Sora launched as a full app in late 2025. It secured a licensing deal with Disney and was considered the leader in AI video generation. It was integrated into ChatGPT, and an API was opened. There was definitely excitement at first.

But in reality, it was shaky from the start. Monthly downloads peaked at about 3.33 million in November 2025. After that, users steadily dropped, with active users falling below 500,000. Computing costs kept running. About $1 million per day was burning through servers. Generating 10 seconds of video cost around $1.30, and video generation requires far more computation than text.

The Disney partnership was quietly wound down too. What started as a major content deal ended as the service itself moved toward shutdown. Inside OpenAI, this was a question of “where do we allocate resources?” Shutting down an unprofitable service and redirecting those resources to Spud was the more rational call.

Key Dates
Sora app shutdown: April 26, 2026 / Sora API shutdown: September 24, 2026. If you’re currently using Sora, you should plan your backups and migration now.
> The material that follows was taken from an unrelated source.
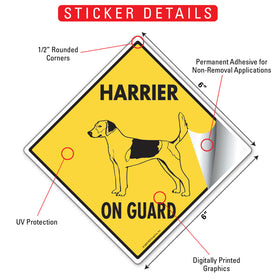Harrier On Guard Dog Signs or Sticker - 0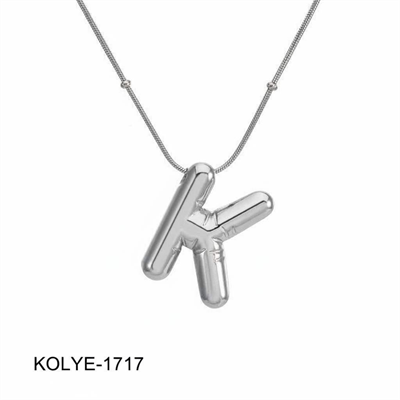 Çelik Balon Harf Kolye (K) 45cm Silver Renk // KOLYE-1717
What Exactly Is the ‘Spud’ Model?

‘Spud’ is an internal codename at OpenAI. It’s slang for potato. OpenAI tends to give their models humble codenames like this. We don’t yet know what name it’ll get at official launch — it could be GPT-5.5 or straight to GPT-6.

Here’s what we know so far. Pre-training was completed around March 24-25. It’s currently going through fine-tuning and safety testing. Sam Altman told employees in an internal memo that it could launch “within a few weeks.” A public announcement is likely sometime in April.

Internal assessments say it’s on a different level from existing models. It reportedly far surpasses previous models in coding, reasoning, and complex problem solving. Mathematician Terence Tao recently said “current AI mathematical reasoning is at the level of my graduate students.” With AI coding and reasoning tools getting rapidly stronger, the question is how far Spud will push this boundary.

The phrase “accelerate the economy” came from Sam Altman’s internal statement. It implies AI has reached a level where it can contribute to actual economic growth beyond being a simple tool — including coding automation, research acceleration, and complex decision-making support.

Sora Shutdown → Spud Focus → AGI Deployment Strategy Flow / GoCodeLab

“AGI Deployment” — Why Does a Name Change Matter?

OpenAI renamed its product organization from ‘Product Deployment Team’ to ‘AGI Deployment.’ This unit is led by Fidji Simo. On the surface it looks like rebranding, but the underlying message is different.

AGI stands for Artificial General Intelligence — AI with human-level or beyond intelligence. While OpenAI’s founding purpose was AGI development, this is the first time they’ve put the word in a product deployment team’s name. It’s not “the team that ships AI products” but “the team that opens the AGI era.” It reflects a shift in how the company sees itself.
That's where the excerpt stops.